Work to be completed >> When the string "with" is part of a line below, that line should be copied.

Records supplied >>

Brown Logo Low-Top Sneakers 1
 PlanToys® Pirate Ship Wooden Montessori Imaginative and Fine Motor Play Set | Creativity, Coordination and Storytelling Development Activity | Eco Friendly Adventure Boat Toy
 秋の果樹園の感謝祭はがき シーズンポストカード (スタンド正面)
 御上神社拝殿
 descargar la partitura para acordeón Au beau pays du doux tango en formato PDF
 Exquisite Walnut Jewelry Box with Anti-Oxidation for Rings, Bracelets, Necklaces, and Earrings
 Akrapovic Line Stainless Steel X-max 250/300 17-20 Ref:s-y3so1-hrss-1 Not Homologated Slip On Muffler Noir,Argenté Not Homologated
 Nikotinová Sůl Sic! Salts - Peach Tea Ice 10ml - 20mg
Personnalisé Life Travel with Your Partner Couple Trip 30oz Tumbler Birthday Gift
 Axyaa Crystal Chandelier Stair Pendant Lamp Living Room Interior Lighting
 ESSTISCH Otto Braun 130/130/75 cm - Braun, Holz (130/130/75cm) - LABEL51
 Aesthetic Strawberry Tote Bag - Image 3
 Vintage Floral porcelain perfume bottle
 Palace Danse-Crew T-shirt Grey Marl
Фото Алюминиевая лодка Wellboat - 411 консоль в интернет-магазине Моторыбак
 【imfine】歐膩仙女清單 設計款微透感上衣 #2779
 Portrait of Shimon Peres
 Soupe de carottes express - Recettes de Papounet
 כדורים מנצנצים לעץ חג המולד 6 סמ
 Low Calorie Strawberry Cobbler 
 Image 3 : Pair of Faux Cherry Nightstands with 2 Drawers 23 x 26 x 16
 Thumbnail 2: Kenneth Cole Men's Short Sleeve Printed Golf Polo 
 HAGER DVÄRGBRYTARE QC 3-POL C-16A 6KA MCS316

Result for this exercise >>
 Exquisite Walnut Jewelry Box with Anti-Oxidation for Rings, Bracelets, Necklaces, and Earrings
Personnalisé Life Travel with Your Partner Couple Trip 30oz Tumbler Birthday Gift
 Image 3 : Pair of Faux Cherry Nightstands with 2 Drawers 23 x 26 x 16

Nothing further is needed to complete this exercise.